Few people come to the pharmaceutical industry from academia with the requisite knowledge and skills necessary to plan, conduct, and report clinical research to regulatory authority standards. This knowledge and skill usually needs to be provided to the new staff by the way of in-house training.
One approach to education and training in the industry is what is called 'competency-based training'. A competency is a skill, knowledge or behavior required to undertake effectively the tasks and responsibilities for which an individual is responsible.

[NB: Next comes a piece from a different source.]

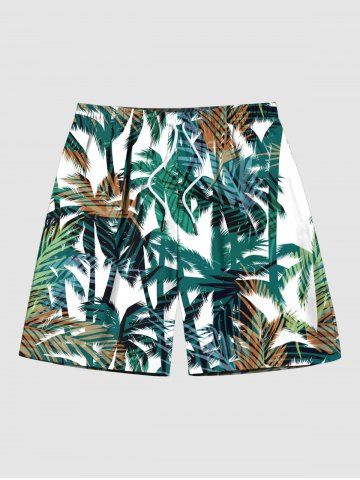 Short de Plage à Imprimé Feuilles D'Arbre Tropical avec Cordon de Serrage Grande-Taille pour Hommes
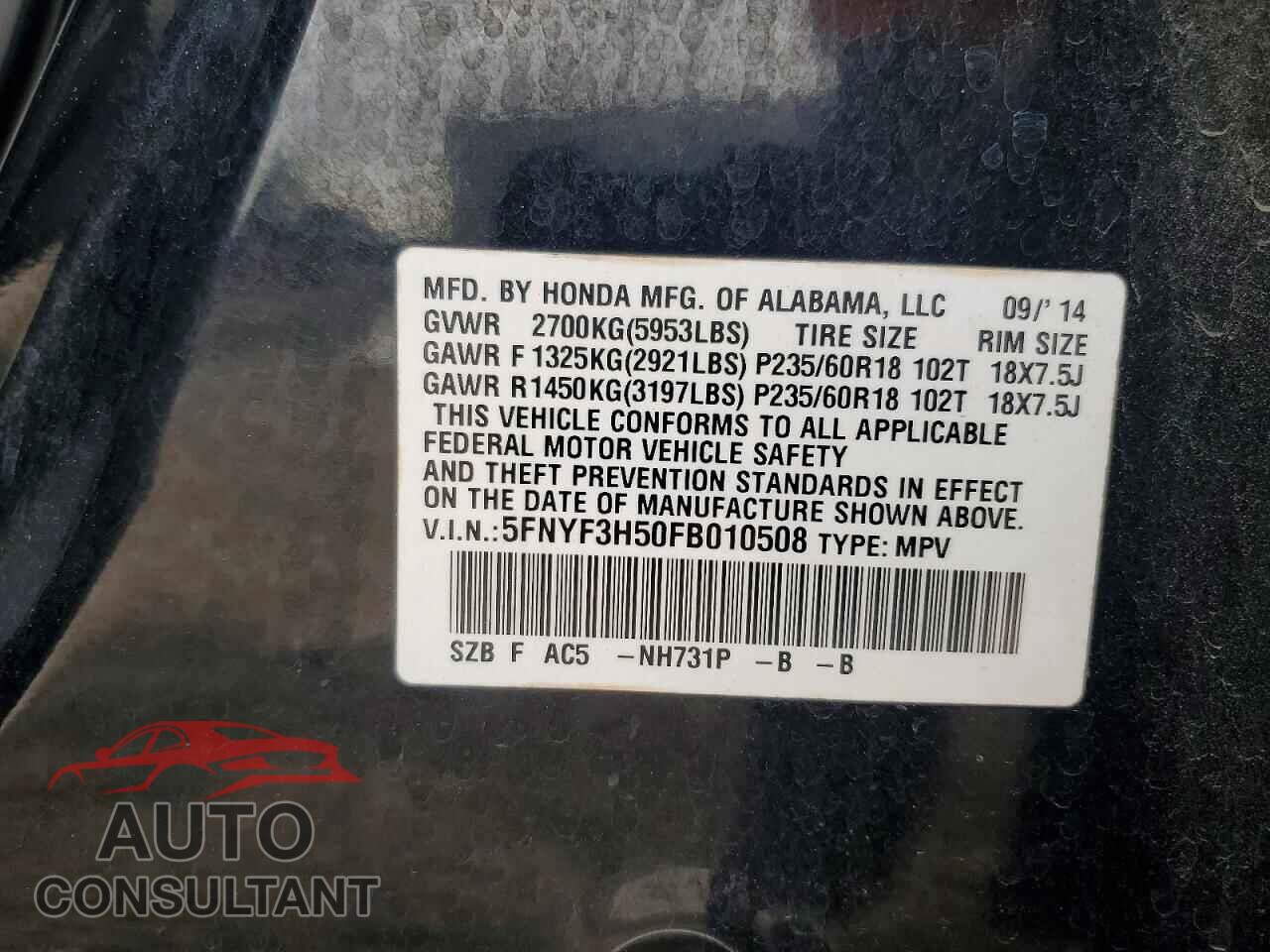 HONDA PILOT 2015 - 5FNYF3H50FB010508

A competency-based education and training system (CBETS) details the essential knowledge and skills needed by sponsor's staff to complete the requirements of GCP. The concept of a CBETS is different from traditional educational and training approaches. Traditional approaches tend to address the training needs of individuals based on their job descriptions, e.g. within a sponsor company, a monitor will receive training on how to monitor a clinical trial, and a physician will receive training in protocol development. In this traditional education and training model, the required tasks are functionally defined. The monitor may not learn much about preparing protocols and the physician may not learn much about monitoring. However, each may be intimately involved in both tasks.
The CBETS asks what tasks the sponsor needs to have done to meet its drug development goals and objectives. The primary tasks of clinical research and good clinical practice can be described rather precisely. Once one knows what the major tasks are and what activities are needed to accomplish these tasks, one can define the knowledge and skills needed by staff to complete the tasks and, finally, what education and training should be provided to understand the knowledge and skills.
When the tasks and activities are fully defined, a CBETS will ask who is going to do these tasks and how competent (e.g. expert, fundamental skills) they need to be to complete the tasks. In the example provided above, it is useful for the physician to have a fundamental knowledge of the monitoring process, even though he she will not be performing the tasks. The physician may, however, be supervising the monitors. It is appropriate for the monitor to receive advanced training in the requirements of monitoring, since this is one of his/ her major functions. In terms of protocol development, the physician and monitor each need expert competency to develop the protocol, since the sponsor may be investing hundreds or millions of dollars in the program. The monitor only needs fundamental skills in protocols, since his/her responsibility may be limited to implementing the protocol at the clinical site.
The CBETS can apply to behavioral and management training as well as technical training. Education and training programs in the pharmaceutical industry can be designed to provide the competencies necessary to prevent or remove obstacles to staff performance. These obstacles can be well defined in advance in a CBETS.